Dans les domaines les plus proches de la vie proprement religieuse, tels celui de la licéité alimentaire ou celui de la défense des pèlerins les Lieux saints, des musulmans de France s’activent.

Ils utilisent les technique modernes pour vérifier la traçabilité des produits, à l’encontre de circuits encore erratiques et peu adaptés au monde moderne, et tentent de créer un cercle de qualité face à un marché du pèlerinage malheureusement inadapté aux nécessités de la transparence et du respect du consommateur.

Cependant, cette dynamique ne doit pas semer d’illusions. La démarche commerciale a sa propre logique, ses propres lois. La foi et le marketing ne font pas toujours bon ménage, dans toutes les religions. Ainsi, la surenchère sur l’imposition d’une qualité halal sur tout objet de consommation – souvent à partir de critères pas bien assurés sur le plan théologique – risquent de provoquer à terme une certaine distorsion du lien social, dont on sait que la commensalité, l’art du « manger ensemble », est une des valeurs incontournables en France.

C’est également dans le domaine social que la Muslim Pride veut aller plus vite. Au moment où le Conseil français du conseil musulman (CFCM), après six ans d’existence, ne s’est toujours pas doté d’un organe propre à assurer la défense des musulmans agressés ou stigmatisés, le Collectif contre l’islamophobie en France (CCIF) brûle les étapes. Bilan après bilan, il perfectionne son outil statistique, améliore ses structures juridiques et, avec ses encore faibles moyens, touche une large audience.

Enfin, la Muslim Pride aurait tout à gagner à réconcilier l’islam réel avec l’islam institutionnel, celui des mosquées et du CFCM. Comment l’un pourrait-il vivre sans l’autre ? Car, après tout, il s’agit toujours de communion dans une même foi.
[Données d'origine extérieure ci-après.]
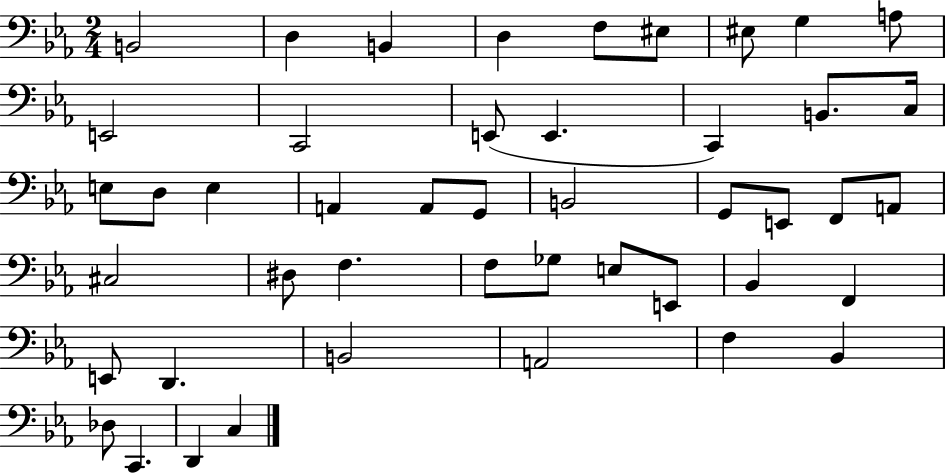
X:1
T:Untitled
M:2/4
L:1/4
K:Eb
B,,2 D, B,, D, F,/2 ^E,/2 ^E,/2 G, A,/2 E,,2 C,,2 E,,/2 E,, C,, B,,/2 C,/4 E,/2 D,/2 E, A,, A,,/2 G,,/2 B,,2 G,,/2 E,,/2 F,,/2 A,,/2 ^C,2 ^D,/2 F, F,/2 _G,/2 E,/2 E,,/2 _B,, F,, E,,/2 D,, B,,2 A,,2 F, _B,, _D,/2 C,, D,, C,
Il est nécessaire que les notables, ceux qui ont patiemment construit en plusieurs années les fondations de la maison islam en France s’ouvrent à la multiplicité des expériences, à l’ingéniosité, à l’expertise et à la jeunesse de ceux qui inventent tous les jours les nouvelles manières de vivre leur religion « ici et maintenant ».



* Bernard Godard est consultant sur les questions liées au culte musulman auprès du ministère de l’Intérieur. Co-auteur, avec Sylvie Taussig, de Musulmans en France (Hachette, 2009), il enseigne à l’Institut catholique de Paris et à l’Institut Ghazali de la Grande Mosquée de Paris.